*** Data excerpts Section Begins ***
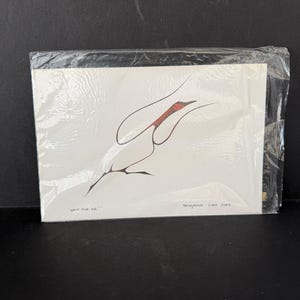 May include: A white card with a minimalist abstract design in black and red, encased in clear plastic. The text "Wait for me!" and the artist's name are visible.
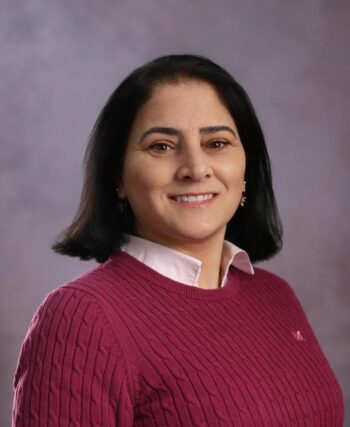 A woman smiling at the camera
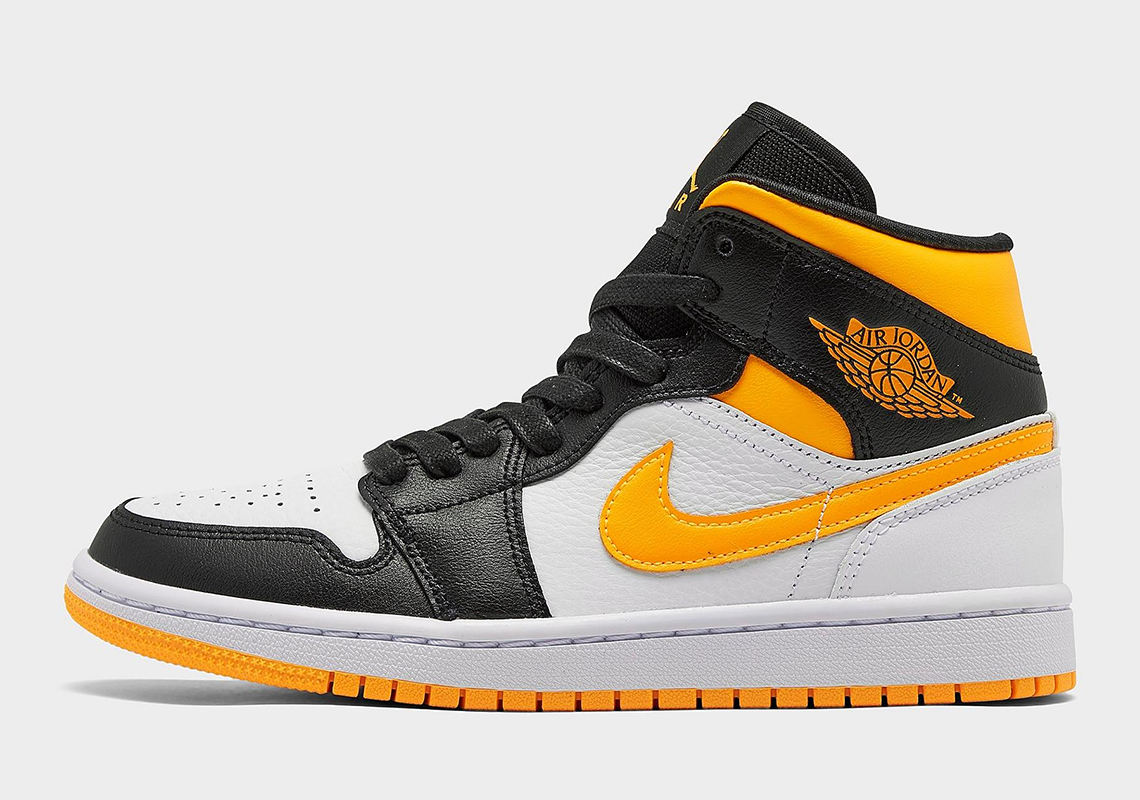 The Air Jordan 1 Mid Pairs The Classic Black Toe With Laser Orange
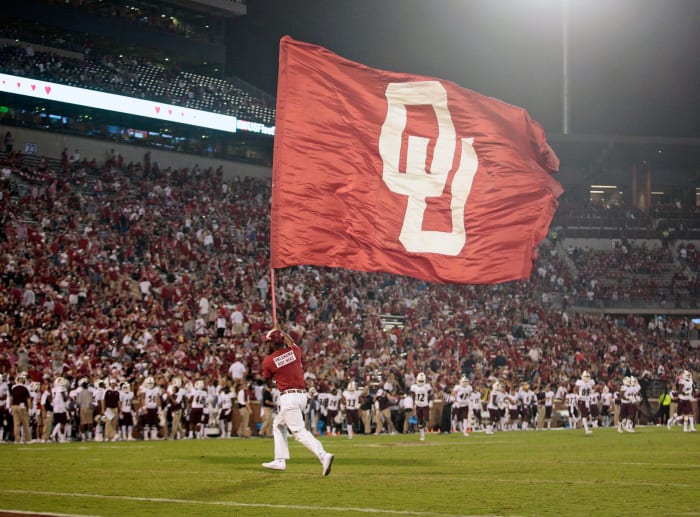 An Oklahoma cheerleader running with an OU flag.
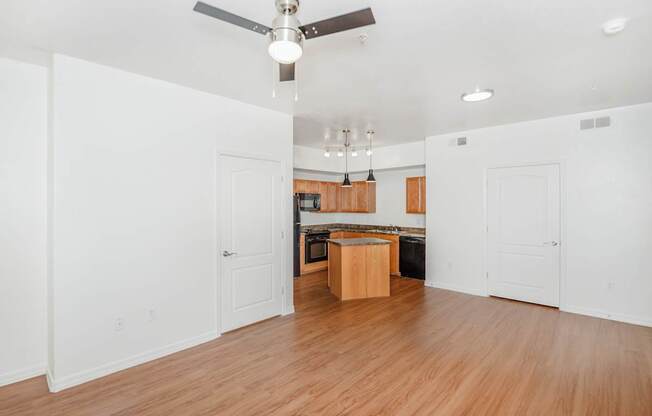 A room with a ceiling fan and wooden floors.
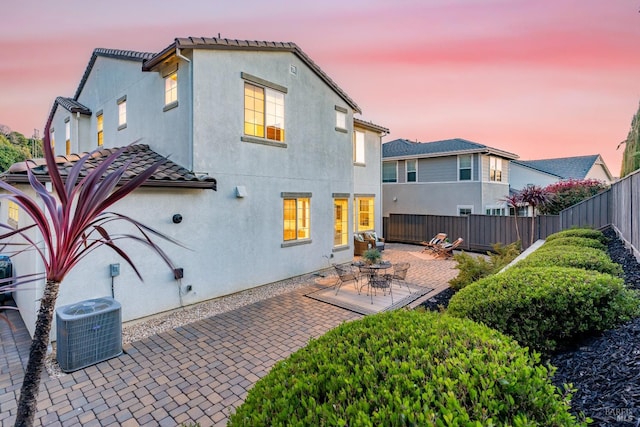 rear view of house with a tile roof, central AC unit, a fenced backyard, and stucco siding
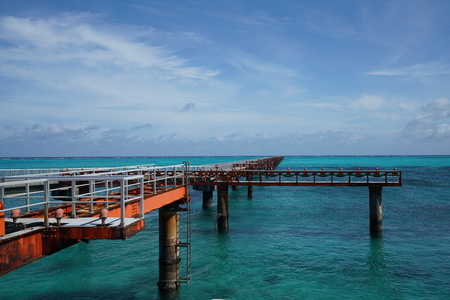 A small pier for boats to dock on a blue waterの写真素材
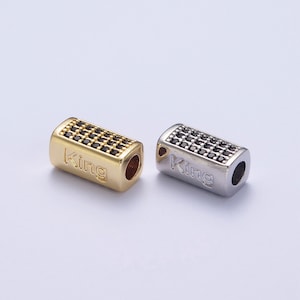 May include: Two rectangular metal beads with black cubic zirconia stones and the word "King" engraved on the side. One bead is gold and the other is silver.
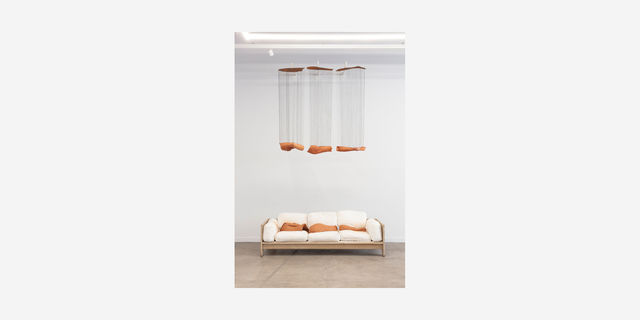 Broken terra cotta forms lay on a white sofa, as three other forms hang from the ceiling above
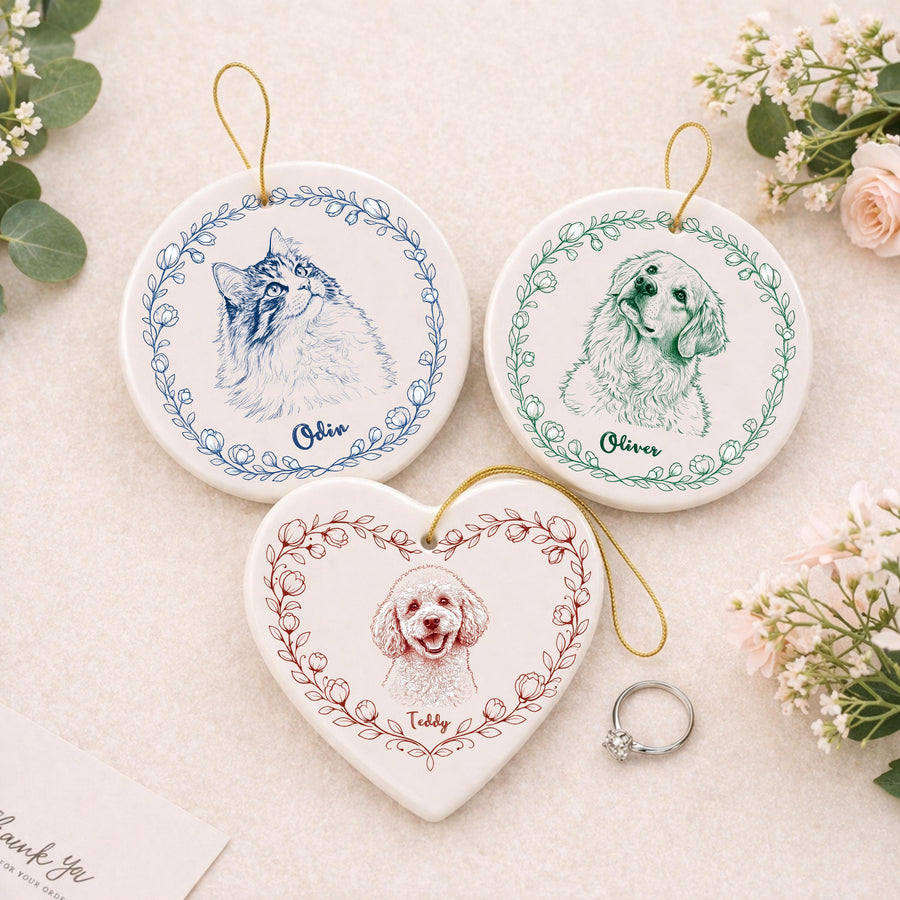 Two white ceramic circular ornaments and one white ceramic heart-shaped ornament, each featuring a detailed pet portrait sketch surrounded by a floral wreath and a gold hanging cord. The names Odin, Oliver, and Teddy are printed below.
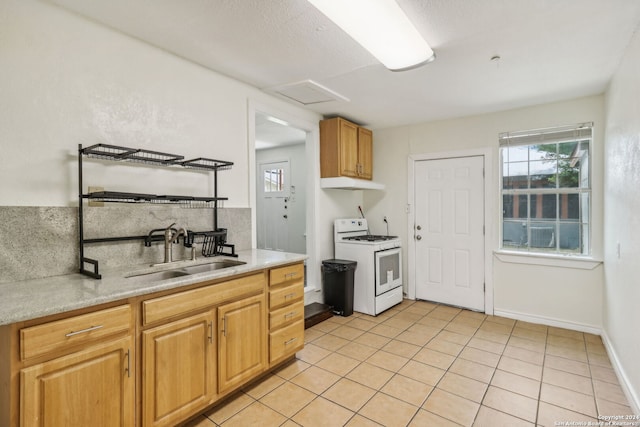 kitchen with sink, white range with gas stovetop, and light tile patterned floors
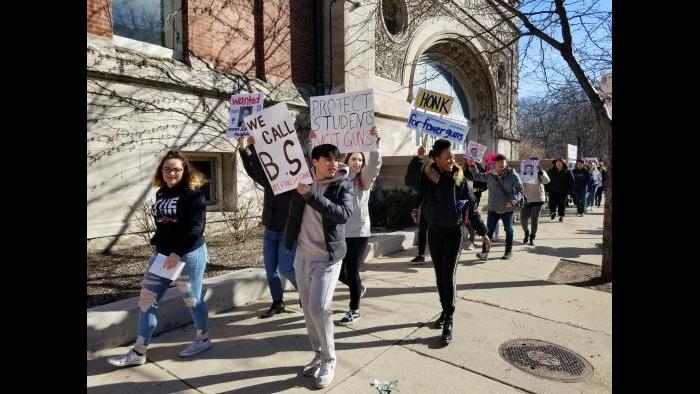 Students march outside Lake View High School. (Matt Masterson / Chicago Tonight)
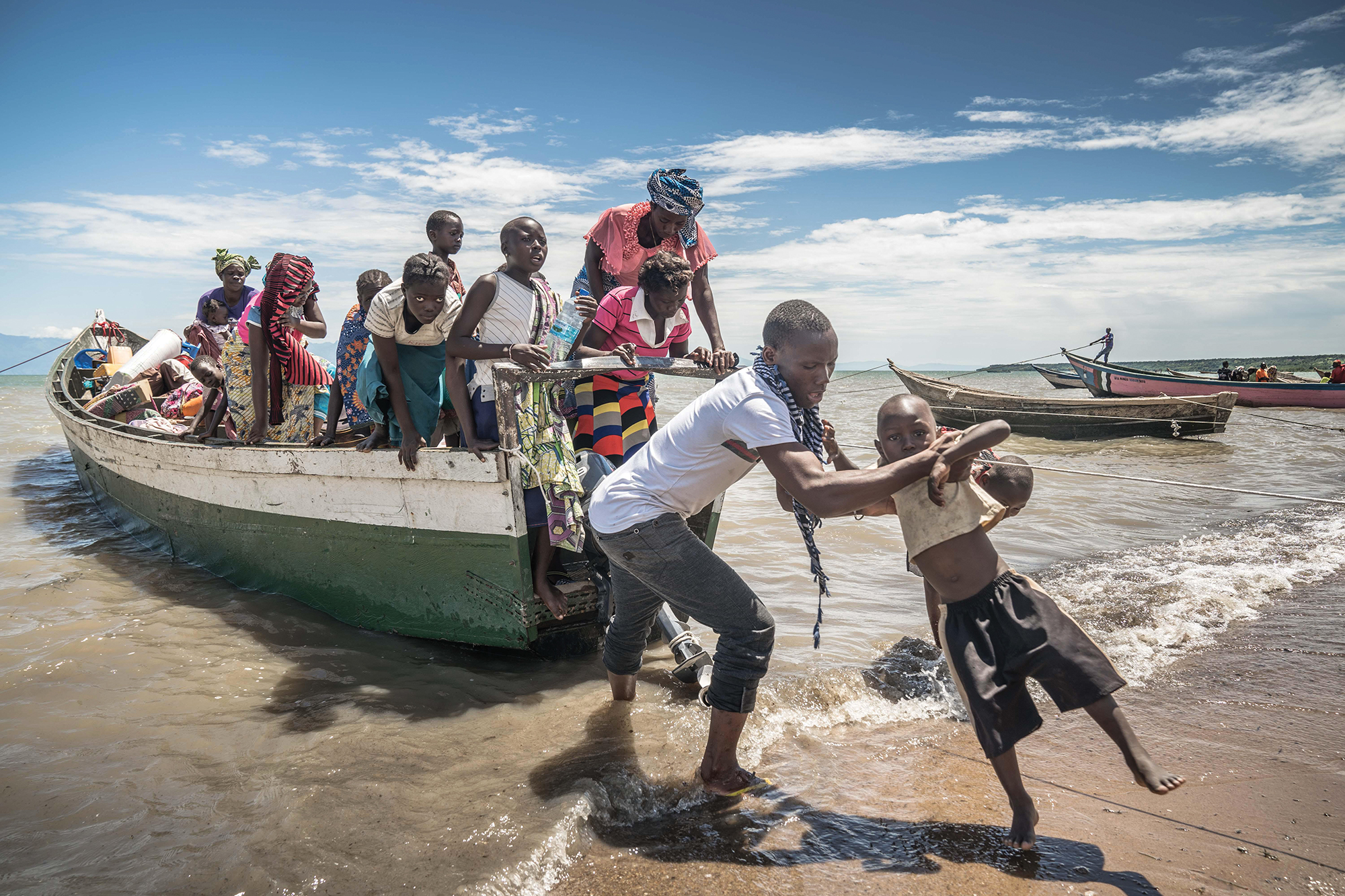 A small boat filled with Congalese refugees are waiting to get off the boat.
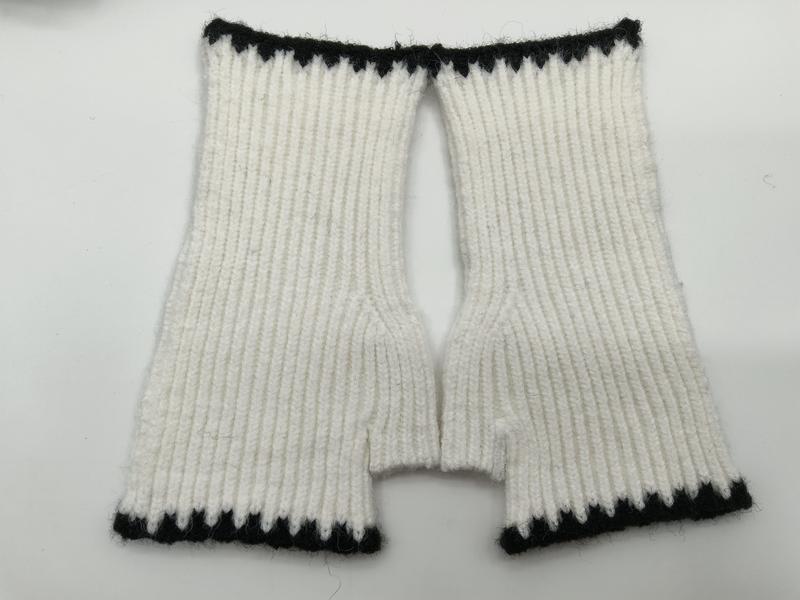 Draufsicht auf handgestrickte weiße Rippenstrick-Fingerhandschuhe mit schwarzen Kontrastbündchen an Handgelenk und Fingeröffnungen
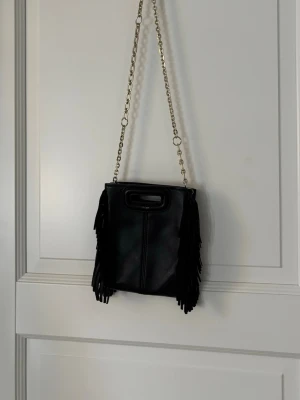  Maje handväska (äkta) - Cool svart handväska från maje med fransar på sidorna och två olika axelband – ett i guld kedja och ett i justerbart läder. Väskan har en fyrkantig form och ett praktiskt handtag upptill. Perfekt för dig som gillar  trendig stil. Den är dyr i nypris så säljer den för billigare 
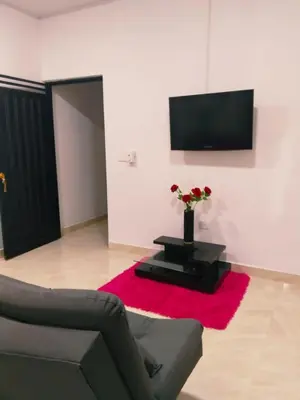 a living room with a couch and a red rug at Apartamento Capri 2 in Puerto Triunfo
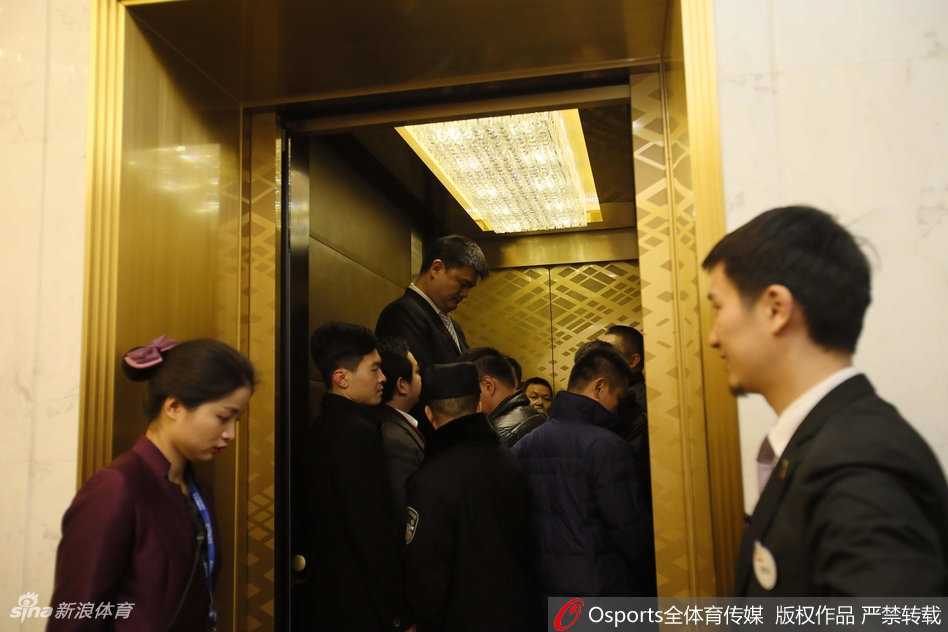 篮球巨人姚明身着深色西装挺拔而立，在武汉吉祥物入围仪式现场，他面带微笑看向远方，仿佛透过喧嚣看到中国篮球的光明未来。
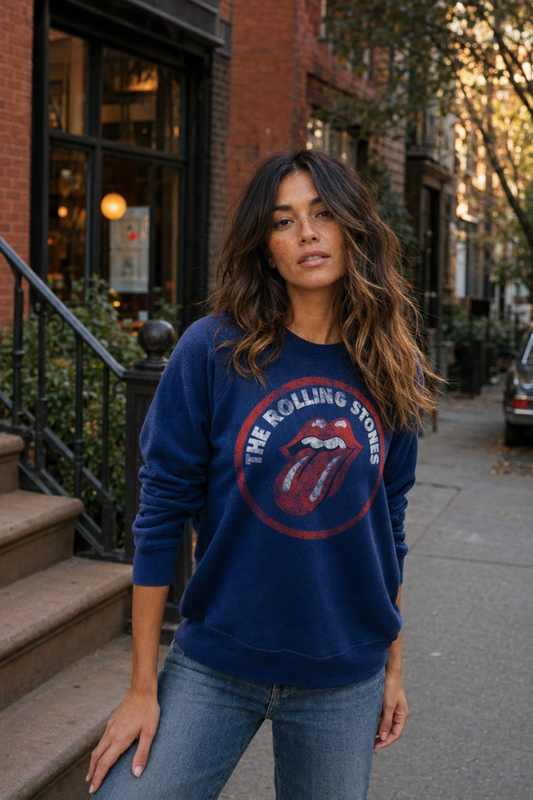 A woman wearing a navy blue crewneck sweatshirt with a large red and white 'The Rolling Stones' graphic on the front, standing on a city sidewalk.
*** Data excerpts Section Ends ***
### Work order
Go through the entries above and output them exactly, without pictures.

### Exercise answer
 May include: A white card with a minimalist abstract design in black and red, encased in clear plastic. The text "Wait for me!" and the artist's name are visible.
 A woman smiling at the camera
 The Air Jordan 1 Mid Pairs The Classic Black Toe With Laser Orange
 An Oklahoma cheerleader running with an OU flag.
 A room with a ceiling fan and wooden floors.
 rear view of house with a tile roof, central AC unit, a fenced backyard, and stucco siding
 A small pier for boats to dock on a blue waterの写真素材
 May include: Two rectangular metal beads with black cubic zirconia stones and the word "King" engraved on the side. One bead is gold and the other is silver.
 Broken terra cotta forms lay on a white sofa, as three other forms hang from the ceiling above
 Two white ceramic circular ornaments and one white ceramic heart-shaped ornament, each featuring a detailed pet portrait sketch surrounded by a floral wreath and a gold hanging cord. The names Odin, Oliver, and Teddy are printed below.
 kitchen with sink, white range with gas stovetop, and light tile patterned floors
 Students march outside Lake View High School. (Matt Masterson / Chicago Tonight)
 A small boat filled with Congalese refugees are waiting to get off the boat.
 Draufsicht auf handgestrickte weiße Rippenstrick-Fingerhandschuhe mit schwarzen Kontrastbündchen an Handgelenk und Fingeröffnungen
  Maje handväska (äkta) - Cool svart handväska från maje med fransar på sidorna och två olika axelband – ett i guld kedja och ett i justerbart läder. Väskan har en fyrkantig form och ett praktiskt handtag upptill. Perfekt för dig som gillar  trendig stil. Den är dyr i nypris så säljer den för billigare 
 a living room with a couch and a red rug at Apartamento Capri 2 in Puerto Triunfo
 篮球巨人姚明身着深色西装挺拔而立，在武汉吉祥物入围仪式现场，他面带微笑看向远方，仿佛透过喧嚣看到中国篮球的光明未来。
 A woman wearing a navy blue crewneck sweatshirt with a large red and white 'The Rolling Stones' graphic on the front, standing on a city sidewalk.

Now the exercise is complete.